One of the survey participants, 27-year-old Nina Portolan from Belgrade, Serbia wrote that “At 16 years old I was told 'I don't know what you want but you are never going to see progress again and I can't do anything for you.' Ever since then, I've been figuring things out on my own.”
HOW DOES MOBILITY CHANGE OVER TIME?
One thing that remains constant is the fact that even though the condition is considered stagnant, meaning the injury to the brain that caused the CP cannot worsen, a person’s mobility and function with the disability can drastically change over time. This is like how an able-bodied person’s mobility worsens with age–the important distinction is that someone with CP will experience the effects of age on the body earlier than the average person. A 2015 study published in the National Library of Medicine showed that while 28% of participants without CP experienced joint pain, 44% of participants who had CP in a similar age group lived with joint pain.
It’s more than just statistics, though. It’s people's lives.

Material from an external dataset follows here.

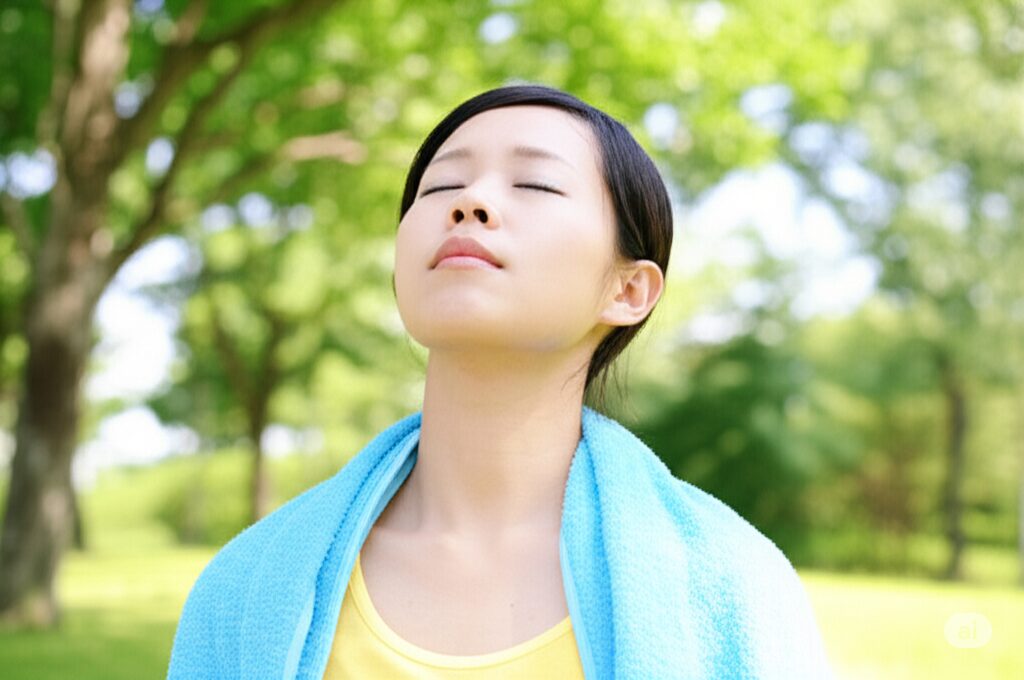 暑い　夏　夏バテ　女性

Change and decline in mobility is a tough subject for people with CP. Take 72-year-old Linda Lood, for example. She has hemiplegia, meaning the CP affects only her right arm and right leg which she “doesn’t trust to do anything in particular.” She worked as a nurse in the NICU for 37 years in Illinois and would never tell anyone she had a disability. She would just adapt to whatever physical task was presented to her if need be.

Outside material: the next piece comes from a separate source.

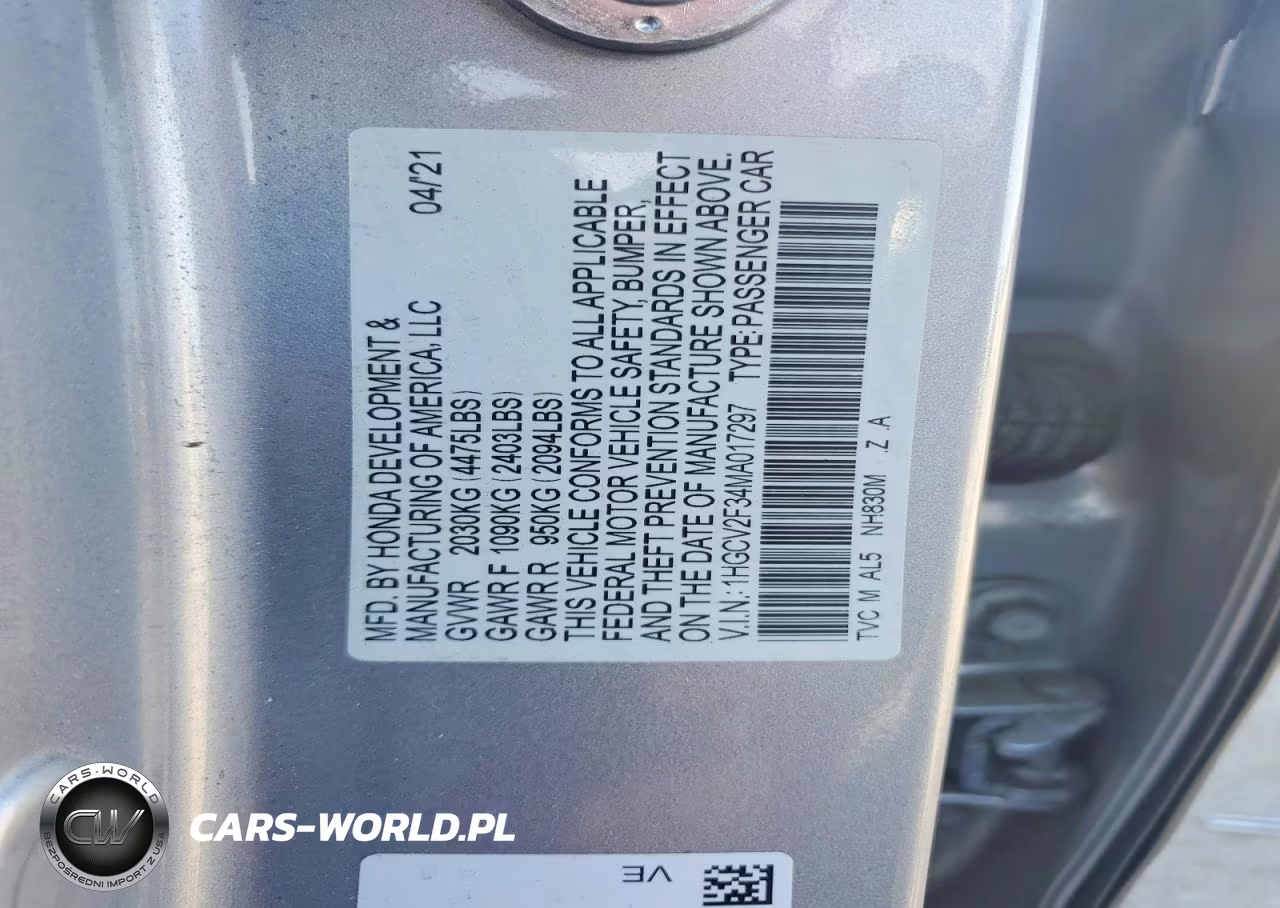 2021 Honda Accord VIN:1HGCV2F34MA017297 - 12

“Until I was about 50 nobody really knew (about my CP) unless they knew me well,” Lood said. She was born in 1952, almost 40 years before the Americans with Disabilities Act was passed, so there was a greater stigma around disability when she was growing up. “I could hide the CP pretty well until (age) 40, 45 then it got worse. Then I also got arthritis.” This change in her mobility, that consisted of pain and worsening balance, would eventually lead to her retirement at age 62.
“I pretty much retired because some of the people I was working with…It was depressing for them to see me fall,” Lood said, who has broken multiple bones from these incidents.

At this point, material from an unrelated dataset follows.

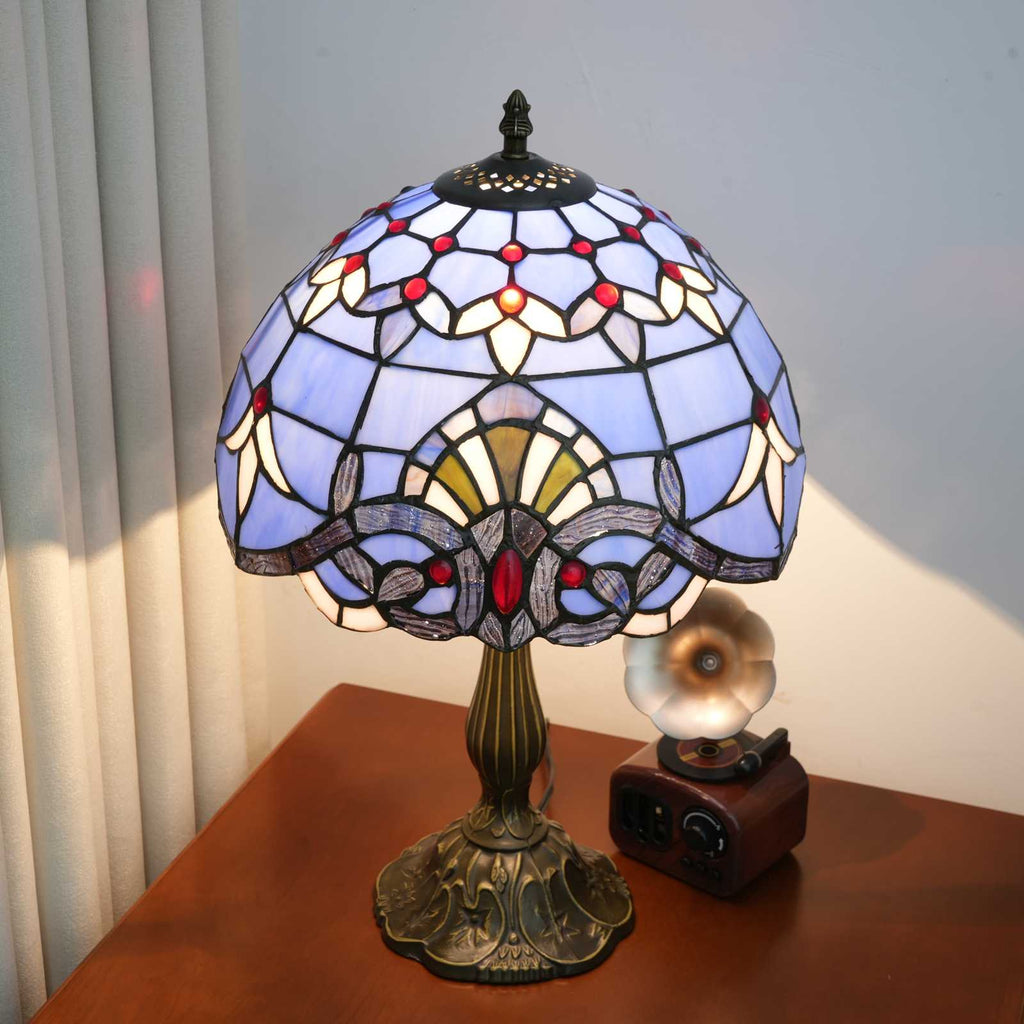 Tiffany Table Lamp in Blue and Red Stained Glass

Despite the circumstances that led to her retirement, she still does what she loves–maintaining her garden, going to spin classes where she “spins for 45 minutes like a crazy idiot” because other forms of exercise are “boring,” and playing with her grandchildren who tease her about being slow. It’s not all fun and games, though. She now falls about twice a week because of her worsening balance.
This is not an uncommon change. In the survey conducted for this article, 10 out of the 31 adult participants said they are receiving medical treatment specifically for balance issues. Allen, one of the survey participants, described her increased lack of balance as “really shocking.”
“I mean, I don't have balance. If somebody walks backwards and they're gonna walk into me, then I know I'm gonna fall over,” Allen said. Her balance is worse when standing still, rather than when she is walking, so she uses a walking stick if she has to stand in one place.
Even though it is harder to get around, she still highly values exercise. Allen lives in a compound in Waterfall, South Africa, north of Johannesburg, which is just as picturesque and teeming with nature as it sounds. An avid animal and nature lover, Allen will go on daily walks and hikes with her husband where they can encounter deer, baboons, snakes and a whole collection of different birds–a necessity for Allen as one of her main complaints once visiting the U.S. was that Salt Lake City, Utah had “no birds” which gave her goosebumps.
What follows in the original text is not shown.